Dislocalism is an essential addition to scholarship on the current state of multicultural education, the university–private sector nexus, and the resurgence of U.S. economic and cultural nationalism in the age of neoliberalism. This broad-thinking and highly original book will be of great value to scholars in globalization studies, American studies, and cultural studies.” —Bill V. Mullen, professor of English and American Studies, Purdue University

Notwithstanding its now extensive, trans-disciplinary bibliography, the full reality of globalization remains less well understood than commonly thought. As an objective, secular phenomenon, globalization has continued to be obscured by ideological and rhetorical strategies that travel under the same name but posit it as simply the abstract-universal other of the local. Dislocalism: The Crisis of Globalization and the Remobilizing of Americanism makes such strategies and the global/local binary they reinforce into objects of critical analysis.
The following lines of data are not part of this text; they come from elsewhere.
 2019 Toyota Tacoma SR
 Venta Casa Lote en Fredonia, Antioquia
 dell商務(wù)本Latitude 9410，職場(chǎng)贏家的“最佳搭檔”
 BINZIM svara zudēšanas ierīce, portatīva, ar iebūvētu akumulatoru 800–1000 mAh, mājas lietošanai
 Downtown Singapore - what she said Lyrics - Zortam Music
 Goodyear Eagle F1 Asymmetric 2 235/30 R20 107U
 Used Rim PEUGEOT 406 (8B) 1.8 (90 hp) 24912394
Taking her title from a new theoretical concept at the heart of this critique, Sarika Chandra argues that the historically dominant position of the United States in the global order takes on a uniquely urgent and problematic form: globalization is experienced not only as external to the American “nation of nations” but also as something internal to it. Through close study of four discrete intellectual/cultural arenas from the 1980s to the present—management theory, the literature of immigration, travel writing, and narratives of the culinary exotic—Chandra further argues that an Americanized imperative to globalize results in a repositioning of the local to maintain national and institutional boundaries. To “dislocalize” becomes, simultaneously, to “dislocalize.

By mapping out the deeper, often hidden discursive ambiguities and historical specificities of an Americanized globalization, Dislocalism effectively redefines and re-orients the fields of American literary and cultural studies.

Sarika Chandra is associate professor of English and director of American studies at Wayne State University.